MATERIAL SUPPLIED section start

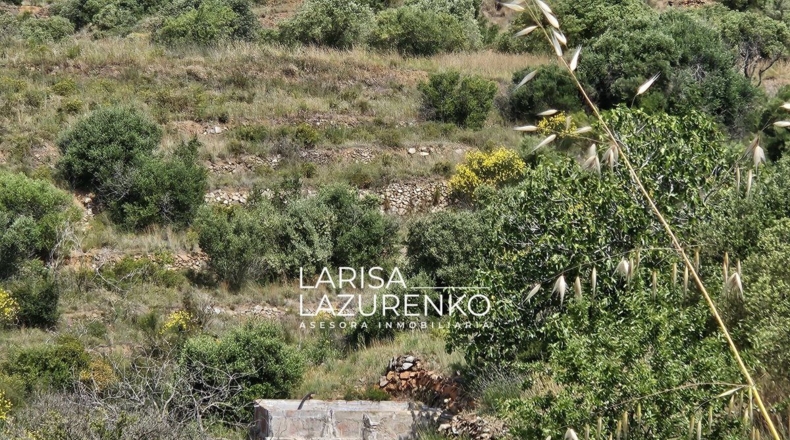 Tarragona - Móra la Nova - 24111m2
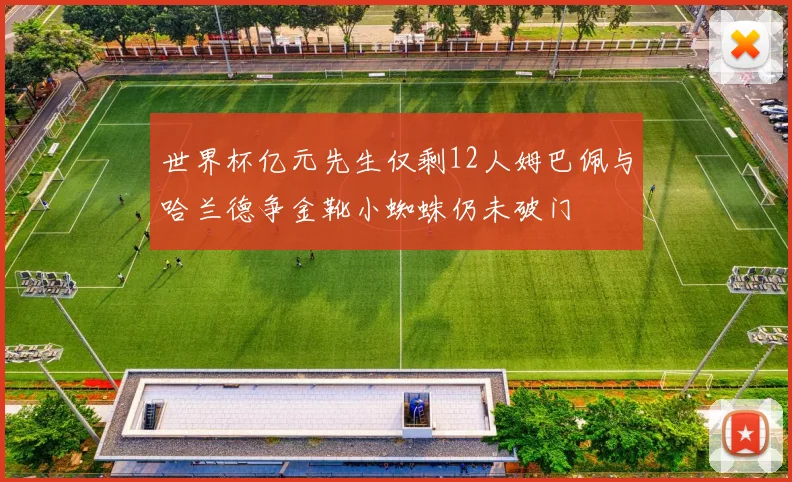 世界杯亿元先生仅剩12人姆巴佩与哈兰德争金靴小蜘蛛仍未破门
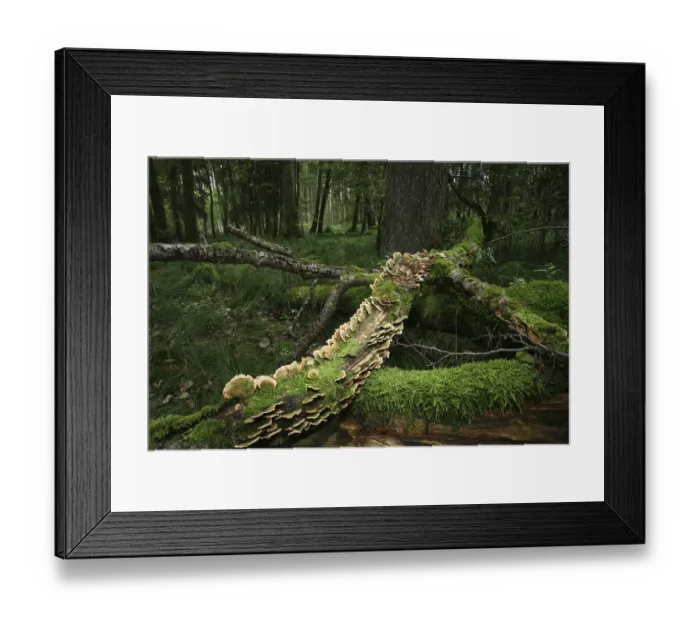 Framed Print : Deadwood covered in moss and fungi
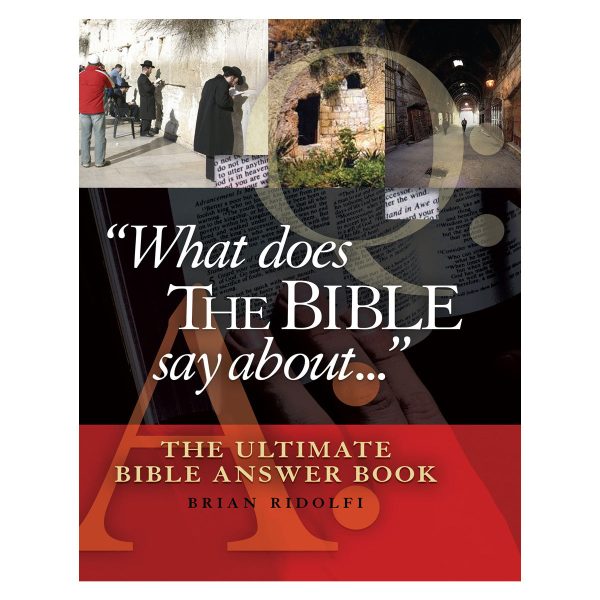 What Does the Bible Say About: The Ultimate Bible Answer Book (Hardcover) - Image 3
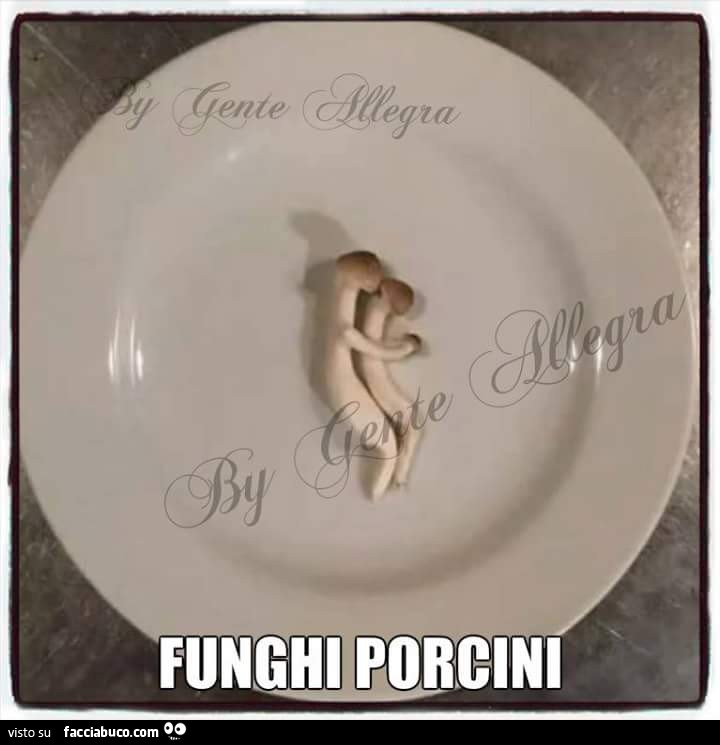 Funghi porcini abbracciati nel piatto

MATERIAL SUPPLIED section end
MATERIAL SUPPLIED section start

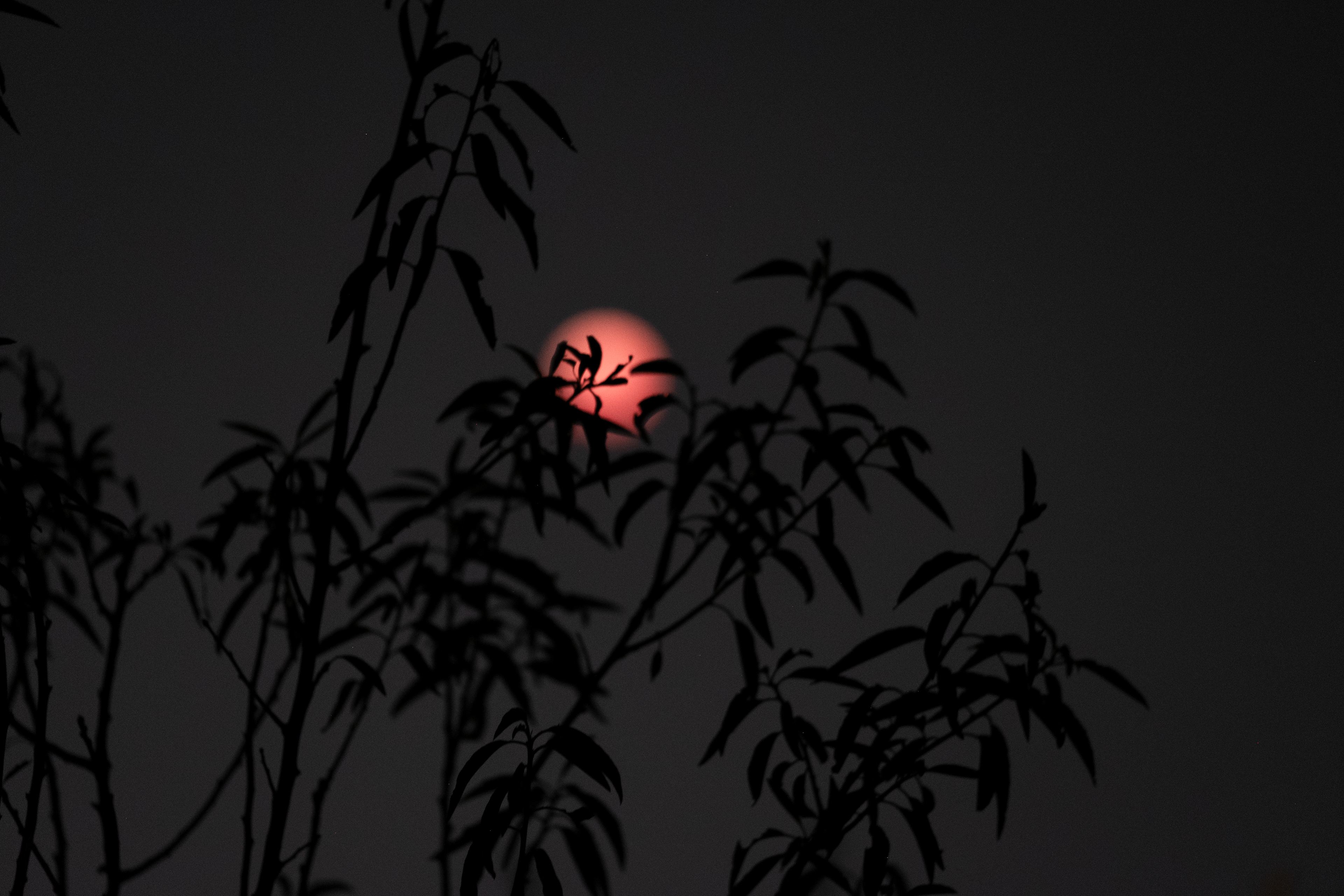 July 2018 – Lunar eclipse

MATERIAL SUPPLIED section end

Transcribe only this stretch of the data: the line with "世界杯亿元先生仅剩12人姆巴佩与哈兰德争金靴小蜘蛛仍未破门", the line with "Funghi porcini abbracciati nel piatto", and every line in between. Leave out the pictures.

 世界杯亿元先生仅剩12人姆巴佩与哈兰德争金靴小蜘蛛仍未破门
 Framed Print : Deadwood covered in moss and fungi
 What Does the Bible Say About: The Ultimate Bible Answer Book (Hardcover) - Image 3
 Funghi porcini abbracciati nel piatto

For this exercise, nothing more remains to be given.